Василий молчал, уперев глаза в оголовки сапог. Лоскут не врал, в том и нужды не было. Оттого что скверней этого мира, слепленного из никем еще не проверенных догадок и надежд, из мук, страхов и царящей над всем этим неопределенности пустой и жестокой, может быть только правда о нем самом, мире этом… А то, что она одновременно и жестока, и пуста, он знал. Как и то, что от человеческого в человеке еще меньше добра ждать надо, чем от животной исподницы его… вовек не знать бы его, человеческого, не видать.

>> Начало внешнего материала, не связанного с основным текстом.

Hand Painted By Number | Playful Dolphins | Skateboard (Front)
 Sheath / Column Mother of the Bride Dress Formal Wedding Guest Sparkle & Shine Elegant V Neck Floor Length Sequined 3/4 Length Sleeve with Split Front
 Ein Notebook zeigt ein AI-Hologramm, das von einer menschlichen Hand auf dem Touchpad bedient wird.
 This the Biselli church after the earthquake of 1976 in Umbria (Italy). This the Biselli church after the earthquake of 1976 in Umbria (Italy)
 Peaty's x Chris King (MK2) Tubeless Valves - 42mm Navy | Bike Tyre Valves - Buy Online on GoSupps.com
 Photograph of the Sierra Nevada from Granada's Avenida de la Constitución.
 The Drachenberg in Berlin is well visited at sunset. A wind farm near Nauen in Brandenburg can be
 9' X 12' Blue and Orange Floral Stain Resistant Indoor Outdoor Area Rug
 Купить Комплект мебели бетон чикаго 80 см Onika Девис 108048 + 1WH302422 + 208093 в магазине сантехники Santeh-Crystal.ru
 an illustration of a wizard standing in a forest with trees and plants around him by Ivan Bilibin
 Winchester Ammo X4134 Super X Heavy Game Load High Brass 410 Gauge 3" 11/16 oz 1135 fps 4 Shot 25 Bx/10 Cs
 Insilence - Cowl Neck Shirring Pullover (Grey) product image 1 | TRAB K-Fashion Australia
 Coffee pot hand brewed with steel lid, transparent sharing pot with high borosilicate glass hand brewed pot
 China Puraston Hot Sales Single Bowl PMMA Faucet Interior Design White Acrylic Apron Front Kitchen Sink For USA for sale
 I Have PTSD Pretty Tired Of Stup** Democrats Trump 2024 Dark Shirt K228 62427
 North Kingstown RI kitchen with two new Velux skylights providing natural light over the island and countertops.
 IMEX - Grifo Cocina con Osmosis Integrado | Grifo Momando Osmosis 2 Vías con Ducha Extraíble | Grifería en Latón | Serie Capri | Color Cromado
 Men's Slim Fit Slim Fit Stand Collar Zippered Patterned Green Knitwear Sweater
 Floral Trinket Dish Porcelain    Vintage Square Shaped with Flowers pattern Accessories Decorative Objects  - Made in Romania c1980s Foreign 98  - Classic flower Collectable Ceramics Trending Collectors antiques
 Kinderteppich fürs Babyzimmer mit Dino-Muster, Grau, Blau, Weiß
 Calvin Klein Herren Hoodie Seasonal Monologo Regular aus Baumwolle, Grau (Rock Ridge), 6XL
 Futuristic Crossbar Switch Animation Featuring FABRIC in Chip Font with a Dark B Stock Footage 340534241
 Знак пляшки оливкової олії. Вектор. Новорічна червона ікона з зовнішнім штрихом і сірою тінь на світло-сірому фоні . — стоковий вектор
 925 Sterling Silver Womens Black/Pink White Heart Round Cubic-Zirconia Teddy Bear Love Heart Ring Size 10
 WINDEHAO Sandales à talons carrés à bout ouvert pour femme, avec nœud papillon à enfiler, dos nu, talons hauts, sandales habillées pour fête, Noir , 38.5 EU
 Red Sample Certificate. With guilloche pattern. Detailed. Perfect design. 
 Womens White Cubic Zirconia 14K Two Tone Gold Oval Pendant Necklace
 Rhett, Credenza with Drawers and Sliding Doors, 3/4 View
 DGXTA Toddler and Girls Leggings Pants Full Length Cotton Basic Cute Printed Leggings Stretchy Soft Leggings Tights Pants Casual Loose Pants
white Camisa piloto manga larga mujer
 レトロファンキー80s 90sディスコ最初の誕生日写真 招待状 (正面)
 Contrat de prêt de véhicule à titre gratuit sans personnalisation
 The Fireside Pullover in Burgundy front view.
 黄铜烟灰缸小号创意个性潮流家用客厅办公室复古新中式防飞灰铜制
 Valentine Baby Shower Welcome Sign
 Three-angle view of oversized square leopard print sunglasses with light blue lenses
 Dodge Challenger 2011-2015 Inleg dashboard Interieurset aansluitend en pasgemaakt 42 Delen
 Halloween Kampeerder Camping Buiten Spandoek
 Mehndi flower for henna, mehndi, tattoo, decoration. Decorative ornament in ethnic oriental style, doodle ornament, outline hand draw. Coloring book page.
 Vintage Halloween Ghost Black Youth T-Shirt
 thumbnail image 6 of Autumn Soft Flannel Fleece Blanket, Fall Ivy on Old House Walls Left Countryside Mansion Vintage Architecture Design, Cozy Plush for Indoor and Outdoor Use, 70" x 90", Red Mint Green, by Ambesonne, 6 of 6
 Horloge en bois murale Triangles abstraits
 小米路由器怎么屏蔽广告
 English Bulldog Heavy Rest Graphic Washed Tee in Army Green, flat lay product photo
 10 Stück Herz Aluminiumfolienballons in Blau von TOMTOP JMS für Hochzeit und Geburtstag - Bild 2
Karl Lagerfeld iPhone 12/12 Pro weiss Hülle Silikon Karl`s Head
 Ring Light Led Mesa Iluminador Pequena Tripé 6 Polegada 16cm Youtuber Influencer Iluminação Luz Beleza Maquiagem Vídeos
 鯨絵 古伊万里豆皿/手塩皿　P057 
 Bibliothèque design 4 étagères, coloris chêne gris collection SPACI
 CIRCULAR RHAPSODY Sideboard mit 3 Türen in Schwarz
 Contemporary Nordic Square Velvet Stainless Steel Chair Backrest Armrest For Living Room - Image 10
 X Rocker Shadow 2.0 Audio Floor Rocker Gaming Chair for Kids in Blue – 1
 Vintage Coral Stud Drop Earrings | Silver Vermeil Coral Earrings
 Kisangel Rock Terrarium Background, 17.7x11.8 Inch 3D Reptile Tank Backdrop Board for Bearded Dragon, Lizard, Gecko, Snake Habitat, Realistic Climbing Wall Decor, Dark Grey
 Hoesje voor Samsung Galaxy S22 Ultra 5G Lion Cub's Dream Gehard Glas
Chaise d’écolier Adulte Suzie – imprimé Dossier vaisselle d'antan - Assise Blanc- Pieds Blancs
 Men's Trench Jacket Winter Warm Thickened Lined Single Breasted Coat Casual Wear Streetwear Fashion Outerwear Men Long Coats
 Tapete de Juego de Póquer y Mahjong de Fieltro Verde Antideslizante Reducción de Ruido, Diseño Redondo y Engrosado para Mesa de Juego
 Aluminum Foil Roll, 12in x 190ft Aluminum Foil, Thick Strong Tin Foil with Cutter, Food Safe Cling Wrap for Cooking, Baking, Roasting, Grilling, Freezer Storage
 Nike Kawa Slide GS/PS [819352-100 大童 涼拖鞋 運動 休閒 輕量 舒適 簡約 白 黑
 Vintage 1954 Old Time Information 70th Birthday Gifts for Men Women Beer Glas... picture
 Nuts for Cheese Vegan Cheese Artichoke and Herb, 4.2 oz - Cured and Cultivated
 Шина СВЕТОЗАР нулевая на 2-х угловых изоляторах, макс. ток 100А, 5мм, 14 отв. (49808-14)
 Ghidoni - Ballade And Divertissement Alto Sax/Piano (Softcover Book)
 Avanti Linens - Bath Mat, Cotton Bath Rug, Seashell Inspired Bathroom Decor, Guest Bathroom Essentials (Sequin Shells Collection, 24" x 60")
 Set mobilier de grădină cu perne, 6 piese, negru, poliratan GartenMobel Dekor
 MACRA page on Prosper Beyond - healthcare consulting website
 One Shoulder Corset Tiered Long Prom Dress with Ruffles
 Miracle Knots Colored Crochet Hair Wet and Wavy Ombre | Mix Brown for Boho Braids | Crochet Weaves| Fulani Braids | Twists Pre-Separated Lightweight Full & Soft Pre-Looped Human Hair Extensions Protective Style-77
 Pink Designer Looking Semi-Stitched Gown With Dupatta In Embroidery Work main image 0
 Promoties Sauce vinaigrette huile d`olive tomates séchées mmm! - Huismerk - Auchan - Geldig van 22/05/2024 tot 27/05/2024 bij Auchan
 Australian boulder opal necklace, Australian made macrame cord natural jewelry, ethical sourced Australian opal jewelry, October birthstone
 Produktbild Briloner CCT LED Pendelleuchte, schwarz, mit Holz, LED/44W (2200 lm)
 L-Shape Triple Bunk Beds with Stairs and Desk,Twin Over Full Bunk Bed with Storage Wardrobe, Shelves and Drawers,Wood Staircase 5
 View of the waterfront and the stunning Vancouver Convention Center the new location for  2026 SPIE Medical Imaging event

Жить бы где-нито на кордоне, как лесничий тот днестровский, а если к людям, то в сельпо лишь. Бог отвернулся, говорят, — а что от нас ждать, от опущенных изначала? Давно бы пора — оно, может, пораньше и кончилось бы все. Все, что с самого начала так нелепо, наперекосяк с человеком затеяно, задумано было.

— А бабка… да-к молилась дюже. Придет к Маринке, плачет. А моя ей: да плюнь ты!..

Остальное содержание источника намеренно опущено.